(Dataset entries)
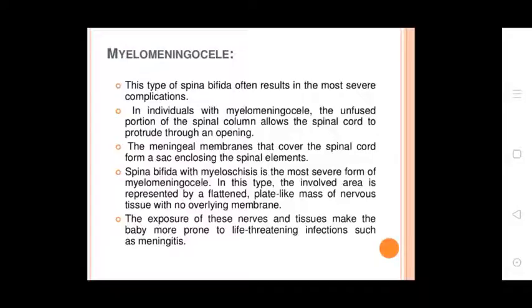Myelomeningocele: This type of Spina Bifida often results in the most severe complications in affected individuals. The unfused portion of the spinal column allows the spinal cord to protrude through an opening.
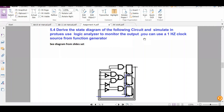Hello and assalamu alaikum, my name is Fakisha. In this video we will be discussing the questions in the assignment that we were assigned to simulate in Proteus. First of all, we will start with question 5.4.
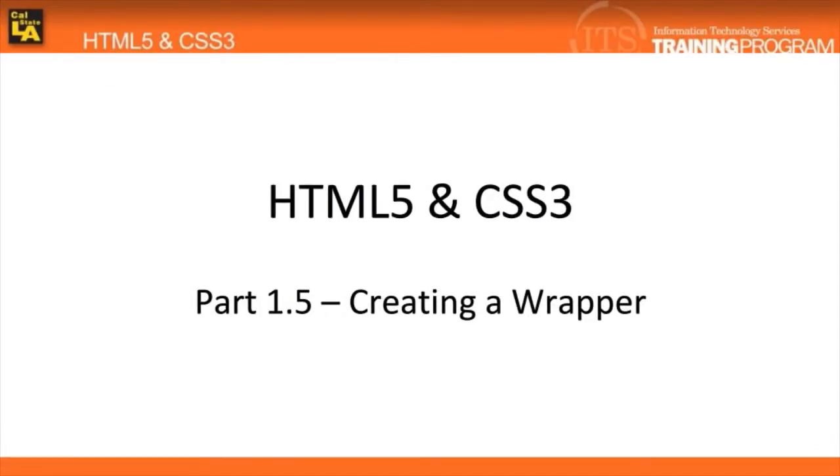In this video, we will create a wrapper inside of our HTML page to contain our content. While not mandatory, a wrapper is an essential part of creating any web page. The wrapper helps contain all of your content and gives a more reliable reference when positioning elements on your page.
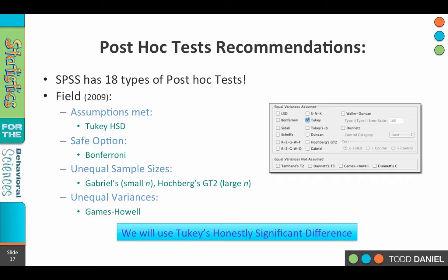SPSS will give us 18 different types of post hoc tests. Which one do you choose? That depends upon the nature of your data. If all of the assumptions for your data have been met and the sample sizes are the same, we can use Tukey's Honestly Significant Difference, or HSD. The safest option would be the Bonferroni correction. If we have unequal sample sizes, we could use Gabriel's test, especially with a smaller sample size, or Hochberg's GT2 for a larger sample size. For unequal variances, there's the Games-Howell. So if we have met the assumptions for the ANOVA, we can feel pretty safe using Tukey's HSD, and if we haven't met those assumptions, we have other post hoc test options.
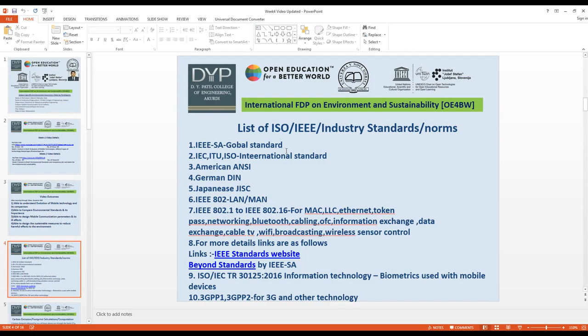Additional IEEE 802 categories include information exchange, data exchange, cable TV, Wi-Fi, broadcasting, and wireless sensor control. For more details, refer to the IEEE Standards website. ISO/IEC TR 30125:2016 covers information technology and biometrics for mobile devices. 3GPP and 3GPP2 are standards for 3G and other related technologies.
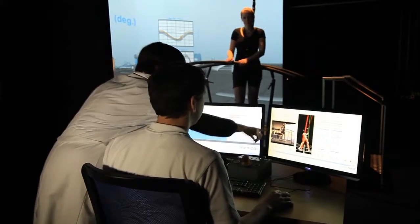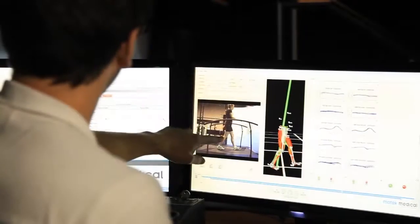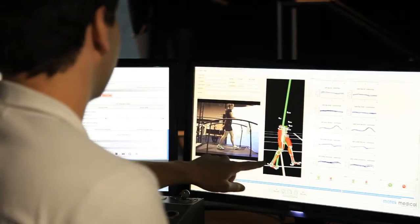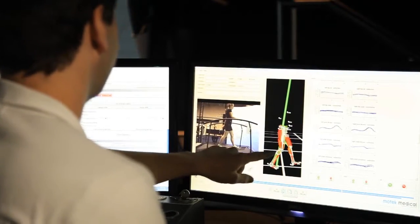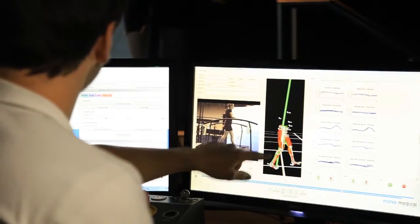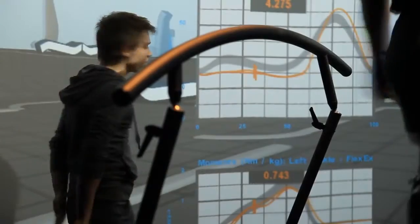Data is recorded and combined with images from 3 video cameras, so it may be analyzed offline and presented as a gait report using the gait offline analysis tool.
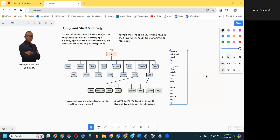Welcome to session two. We want to continue looking at the commands. We have looked at the uname command, pwd, ls, and cd. We've also looked at clear, make directory, and touch. So we want to have a look at the additional commands that we have here on the list.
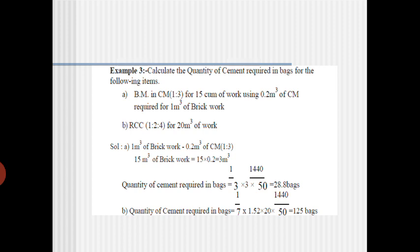For part (a): for 1 cubic meter of brick work, 0.2 cubic meters of cement mortar is required. So for 15 cubic meters of brick work, the mortar required is 15 × 0.2 = 3 cubic meters of cement mortar. Once you have the total volume of cement mortar, you can easily calculate how much cement is required.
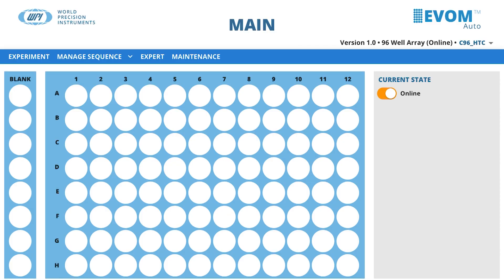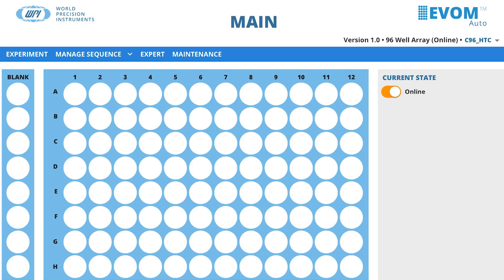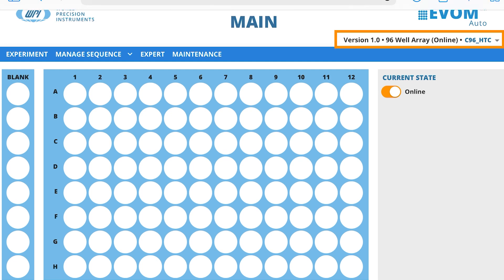To select the desired brand, click on the brand name under the EVOM Auto logo in the upper right corner of the main window. The online status is displayed next to the electrode array type in the header.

**What you should do:**
Produce the data again character for character, with the images left out.

**Final answer:**
Myelomeningocele: This type of Spina Bifida often results in the most severe complications in affected individuals. The unfused portion of the spinal column allows the spinal cord to protrude through an opening.
Hello and assalamu alaikum, my name is Fakisha. In this video we will be discussing the questions in the assignment that we were assigned to simulate in Proteus. First of all, we will start with question 5.4.
In this video, we will create a wrapper inside of our HTML page to contain our content. While not mandatory, a wrapper is an essential part of creating any web page. The wrapper helps contain all of your content and gives a more reliable reference when positioning elements on your page.
SPSS will give us 18 different types of post hoc tests. Which one do you choose? That depends upon the nature of your data. If all of the assumptions for your data have been met and the sample sizes are the same, we can use Tukey's Honestly Significant Difference, or HSD. The safest option would be the Bonferroni correction. If we have unequal sample sizes, we could use Gabriel's test, especially with a smaller sample size, or Hochberg's GT2 for a larger sample size. For unequal variances, there's the Games-Howell. So if we have met the assumptions for the ANOVA, we can feel pretty safe using Tukey's HSD, and if we haven't met those assumptions, we have other post hoc test options.
Additional IEEE 802 categories include information exchange, data exchange, cable TV, Wi-Fi, broadcasting, and wireless sensor control. For more details, refer to the IEEE Standards website. ISO/IEC TR 30125:2016 covers information technology and biometrics for mobile devices. 3GPP and 3GPP2 are standards for 3G and other related technologies.
Data is recorded and combined with images from 3 video cameras, so it may be analyzed offline and presented as a gait report using the gait offline analysis tool.
Welcome to session two. We want to continue looking at the commands. We have looked at the uname command, pwd, ls, and cd. We've also looked at clear, make directory, and touch. So we want to have a look at the additional commands that we have here on the list.
For part (a): for 1 cubic meter of brick work, 0.2 cubic meters of cement mortar is required. So for 15 cubic meters of brick work, the mortar required is 15 × 0.2 = 3 cubic meters of cement mortar. Once you have the total volume of cement mortar, you can easily calculate how much cement is required.
To select the desired brand, click on the brand name under the EVOM Auto logo in the upper right corner of the main window. The online status is displayed next to the electrode array type in the header.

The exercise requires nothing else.